Chief Tania Kleinhans-Cedras opposes the Traditional Khoi-San Leadership Act. Picture: Tracey Adams, African News Agency (ANA)

THE TRADITIONAL and Khoi-San Leadership Act, which came into effect on Thursday, has been met with mixed feelings about what the law means for these indigenous people.

The legislation formally recognises the Khoi and San and ultimately paves the way for representatives to join the National House of Traditional Leaders in Parliament.

It’s been decades in the making and was facilitated by the National Khoi-San Council (NKC) which lobbied government for the formal recognition.

The council’s chairperson, Cecil Le Fleur, said: “It is indeed a very great achievement for Khoi and San people… have never been formally recognised both in colonial times, through apartheid and even in the new dispensation.”

He added: “Last month we met with the president at Tuynhuis and I raised the issue of land with him. I asked him to involve the Khoi and San people in all the structures that deal with the land issue… the redistribution of land and he promised that this will be the case from now on.”

Currently, there are various Khoi and San groups and clans that have formal and informal hierarchies and chiefs.

With formal recognition from government, the next step is a seat in Parliament’s House of Traditional Leaders which would be created through municipal and provincial structures.

Le Fleur explained that the first step is for the Commission of Khoi and San Issues to be established.

The commission will be composed of judges, historians and even anthropologists that have specific skills and knowledge of the traditions and cultures. Khoi and San leaders would need to make submissions to this commission to gain formal recognition as an indigenous community.

Le Fleur said: “Those who are recognised will be able to form their own traditional councils, and in a municipal region there may be many such councils in different towns in a municipal area.

“Those councils come together and form a local house and the different local houses within a province will come together and appoint people to serve on the provincial council. Out of the provincial councils, the representatives for the national council will be appointed.”
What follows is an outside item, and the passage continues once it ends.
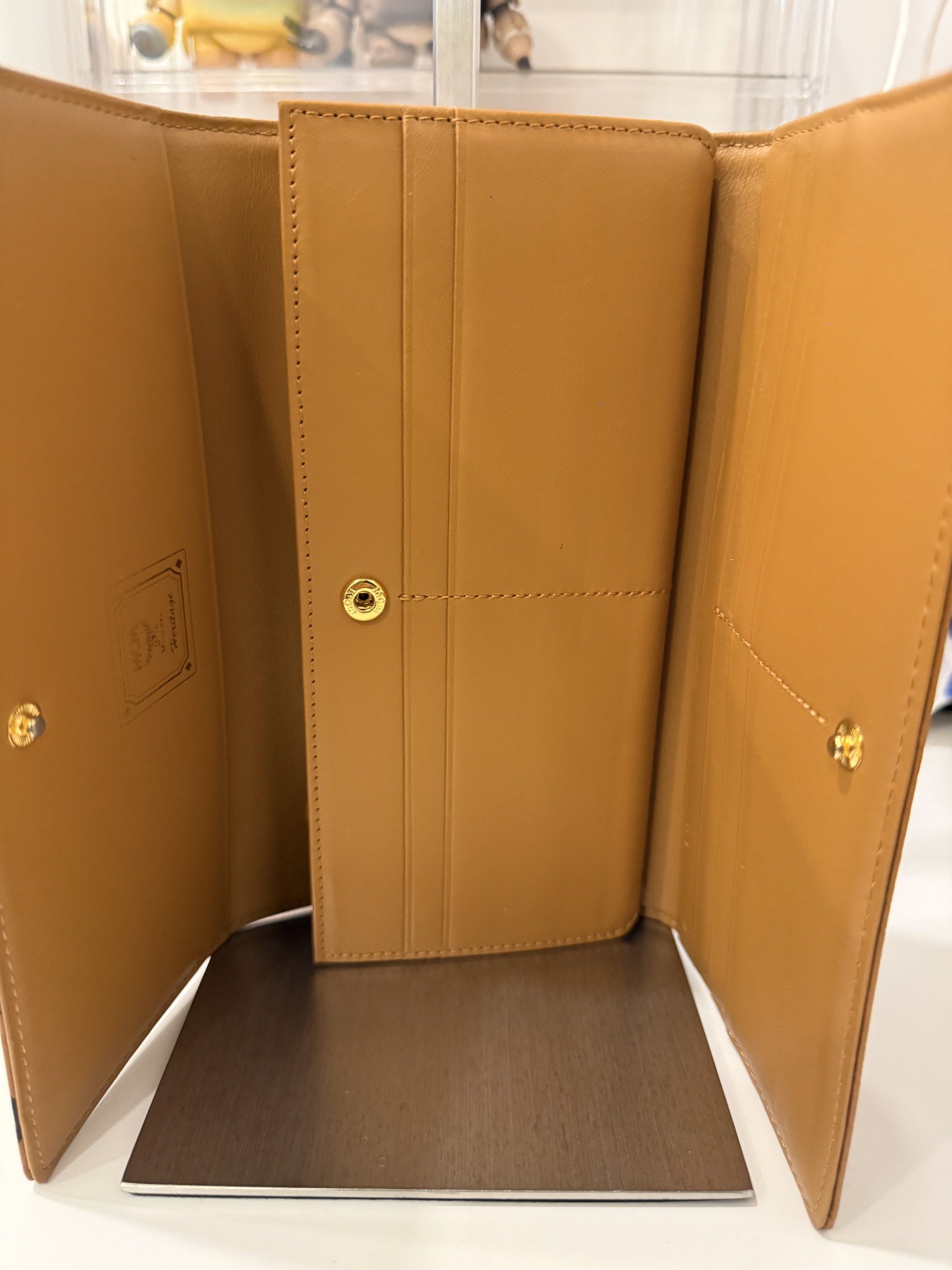 MCM Cognac Visetos Trifold (Category: Luxury Bags & Wallets) located in Pasay City. Submitted by wanabruce820 (Listing ID 1418930699, Image 3). Description: Trifold Leather Long Snap Flap Wallet Can put sling chain to become WOC .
Cecil Le Fleur, chairperson of the National Khoisan and San Council, worked on getting the Traditional and Khoi-San Leadership Act passed in Parliament. Picture: Leon Lestrade/ African News Agency (ANA)
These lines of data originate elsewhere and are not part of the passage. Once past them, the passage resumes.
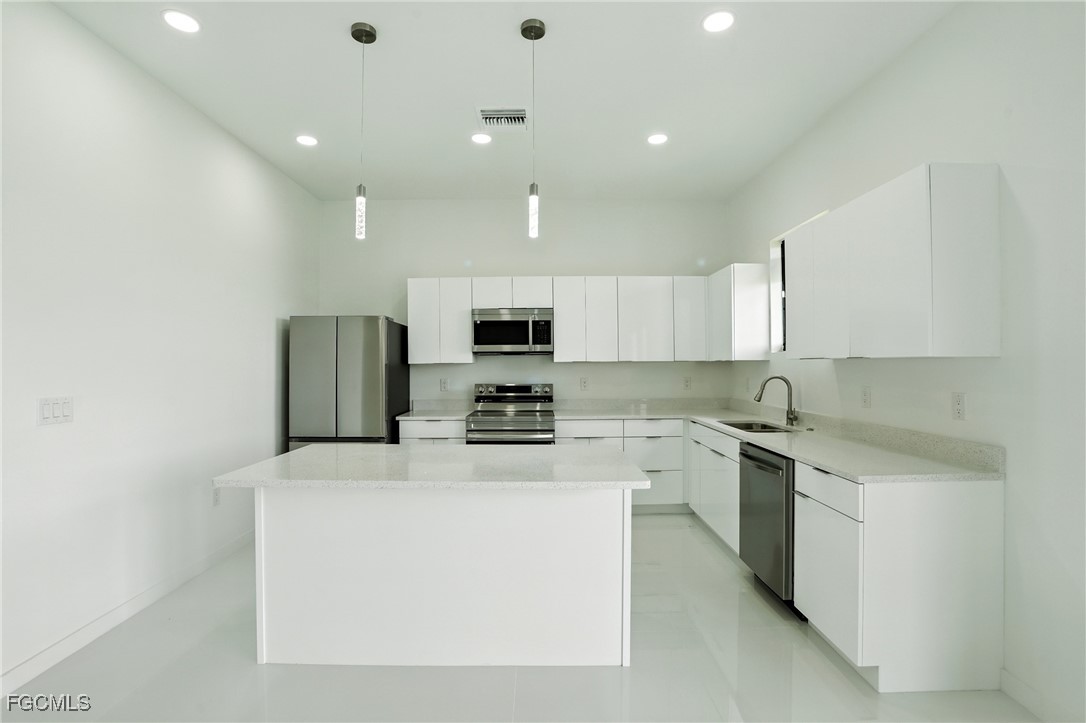 2725 Embers Parkway West Cape Coral, FL 33993 - Photo 10 of 32 a kitchen with stainless steel appliances a refrigerator sink and white cabinets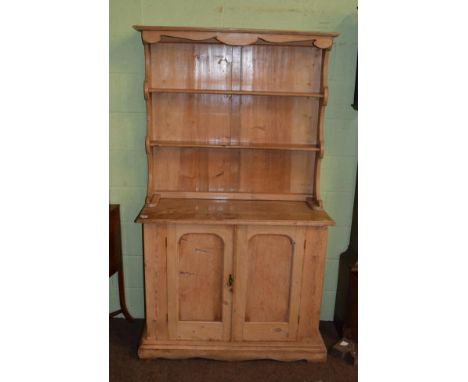 A Victorian pine kitchen dresser, the rack with two shelves, the base of two moulded cupboard doors enclosing a shelf, on a m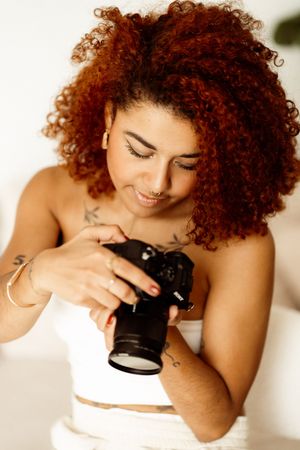 Photographer with vibrant red curly hair examining a digital camera while wearing a white top.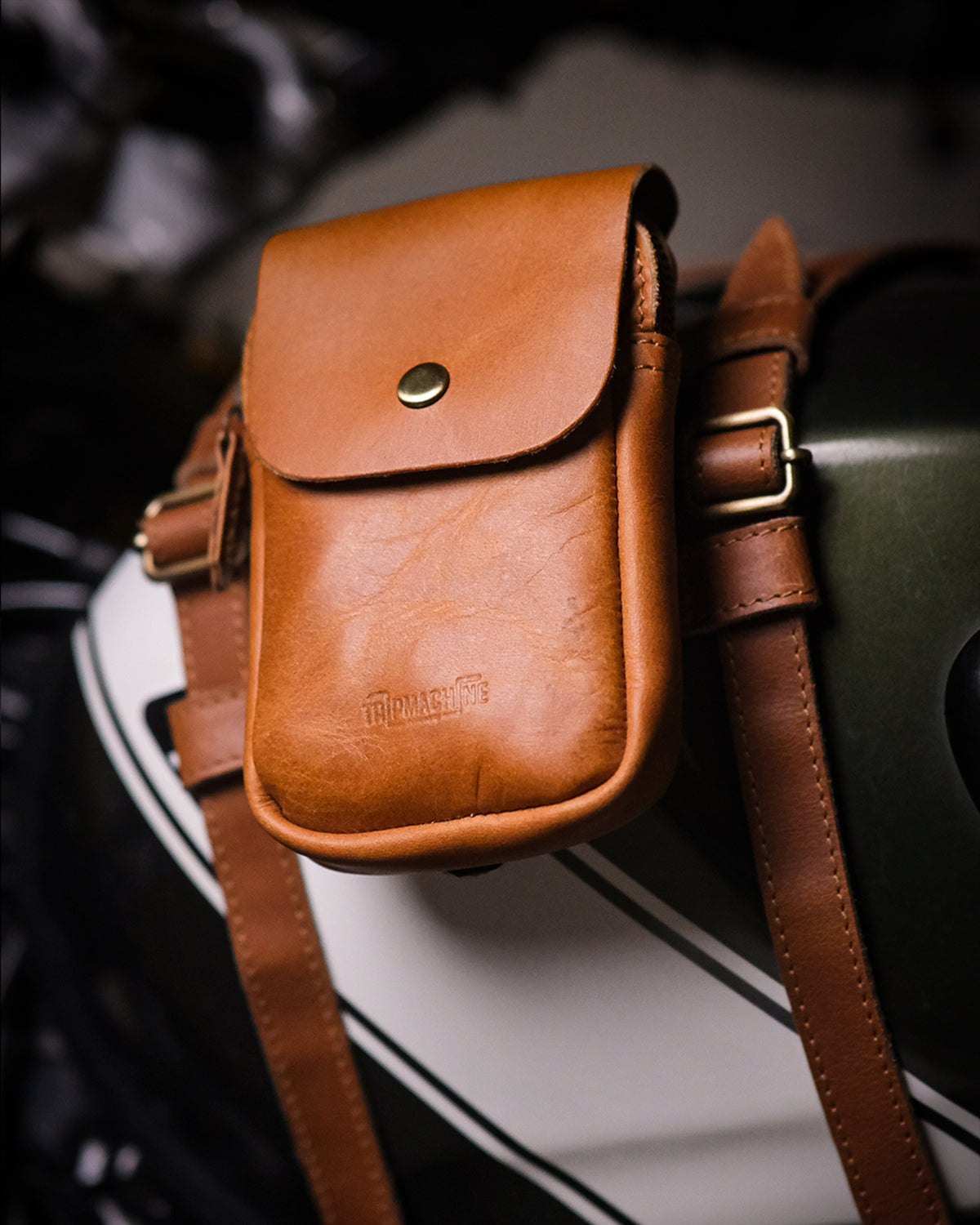 Brown leather pouch attached to a motorcycle fuel tank strap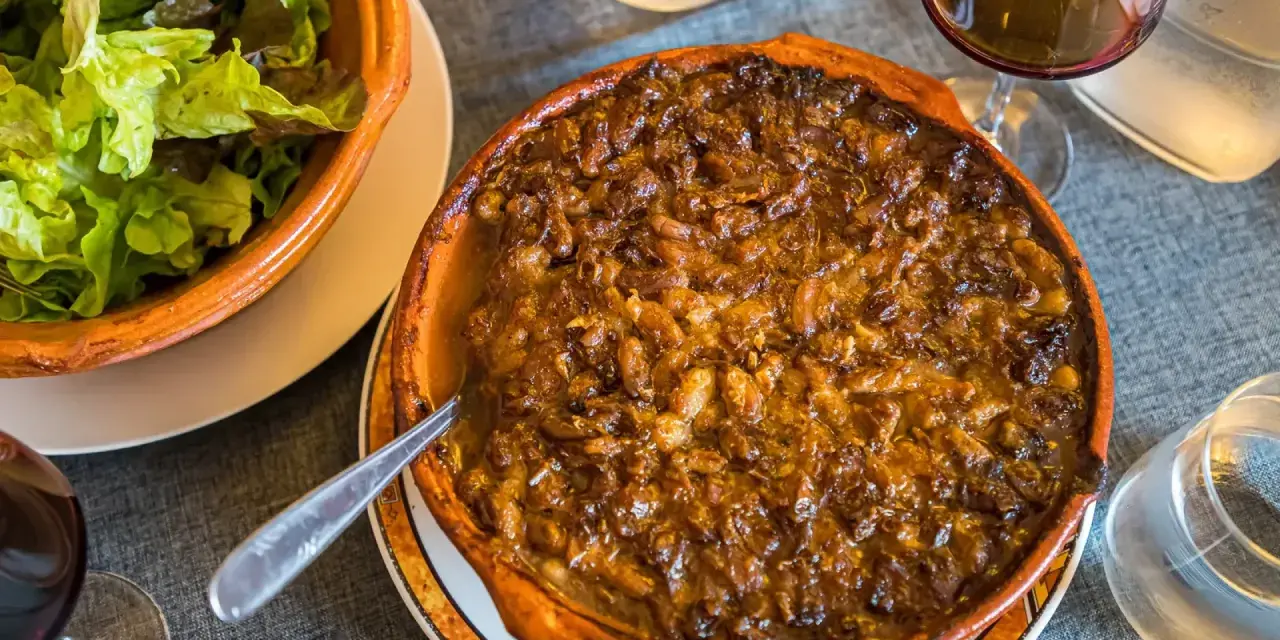 Cassoulet de Castelnaudary burbujeante en cazuela de barro, acompañado de ensalada verde y vino tinto.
But not everyone is convinced that the law will make a difference

Chief Tania Kleinhans-Cedras from the Cochoqua clan said the entire process was flawed.

She said: “Why would this government be that inclusive if every other act that they have passed, post 1994, speaks to the advancement of a particular race group?

“They don’t speak to the advancement of all of South Africa.”

She added: “We cannot be included with traditional leadership, the second error is that there needs to be constitutional reform.

“If you look at the legal framework for this act, what laws are they going to apply, how are they going to regulate this act?”

Kleinhans-Cedras said that this legislation has been done in complete isolation as to the rest of government policy: “There is not one act, not one piece of legislation from Parliament that speaks to the advancement of the First Nation people of this country.”

Angered by the fact that clans would need to submit to a formal recognition process, Kleinhans-Cedras said: “Whoever goes to Parliament… that person is a traitor, a sell-out and that person would not represent us, nor any of our ancestors who laid down their lives.”